Skip to main content

Wiggliness

This is my last post that I prepped before heading to Fusion, and since I'm writing this up so close to going, I've had plenty of time to talk about, and think about the event prior to, and all the emotions leading up to it.

Lux and I have talked several times about our feelings in regards to camp.  We've had a lot of issues with registrations and such given my being staff, and Lux being... called dibs on as a strong pretty menfolk helper.  It's been a bit of frustration, but not something that can slow us down.

We're both excited.  It's a new thing for us both, we each have plans, and are getting to see people and do things we haven't in a while.  We are used to going to events together, and each doing our own thing, and making sure to spend time with the other.  It's something we've just been able to do, and that works really well for us. 

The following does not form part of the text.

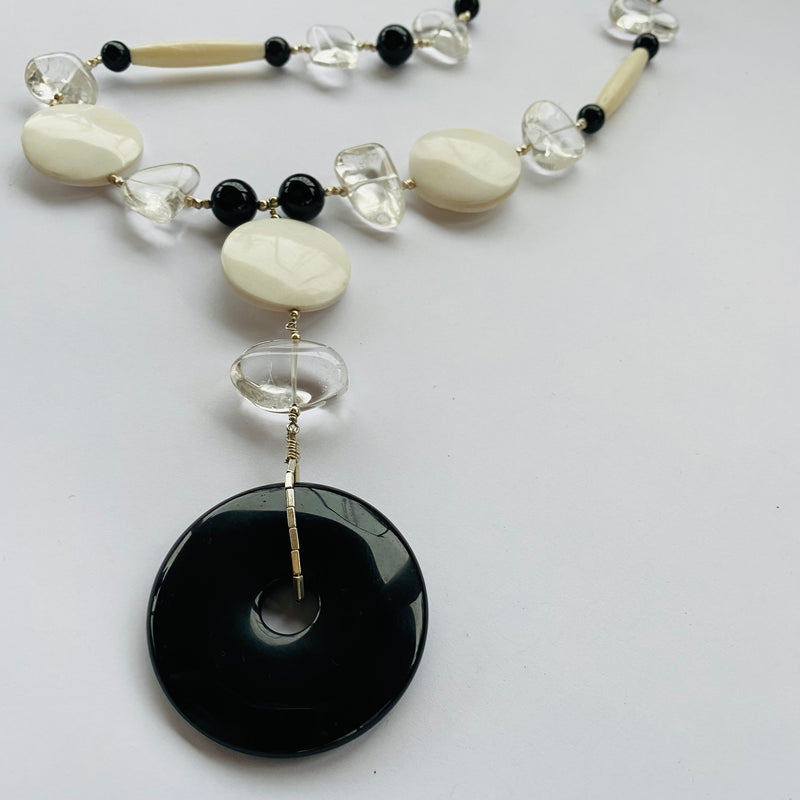 COLLAR FOLK BLACK AND WHITE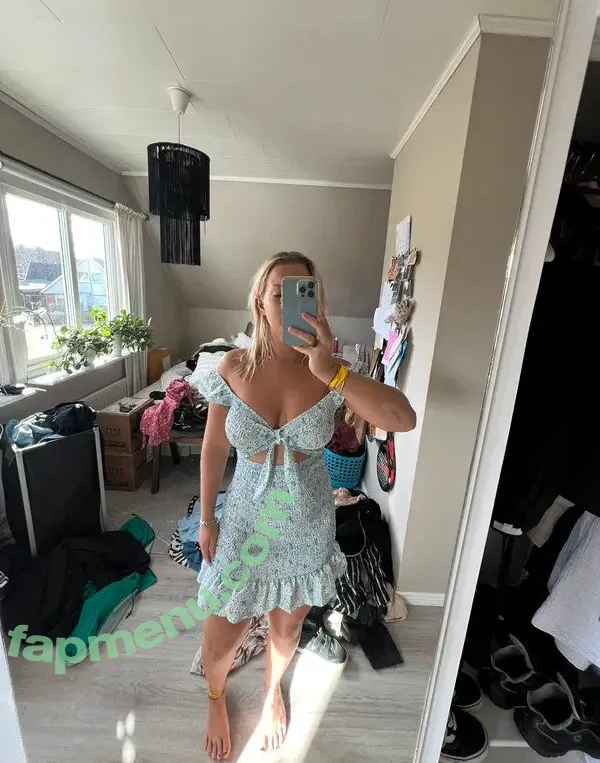 Vinted/eBay nude photo #6772 (Vinted/eBay)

We're also worried.  It being so new, we don't quite know how this event will work for us in particular.  We don't know how comfortable we'll be with things, and that we'll be able to balance everything.  We're worried about the other feeling left out since we both have our own plans.

I'm worried about my classes, and performances.  About how the cabin will go, and how Lux and I will do with sharing space.  I'm worried he will have a poor situation while I'm with the fire team, and try to cover up and I'll come back when he could have used me there.  I'm worried I'll be in those situations where I need to stop someone.

Lux is worried about upsetting people.  About dealing with his exes, and about balancing me, and making sure I'm comfortable with his scenes he has plans.  He's worried about me being ok in general.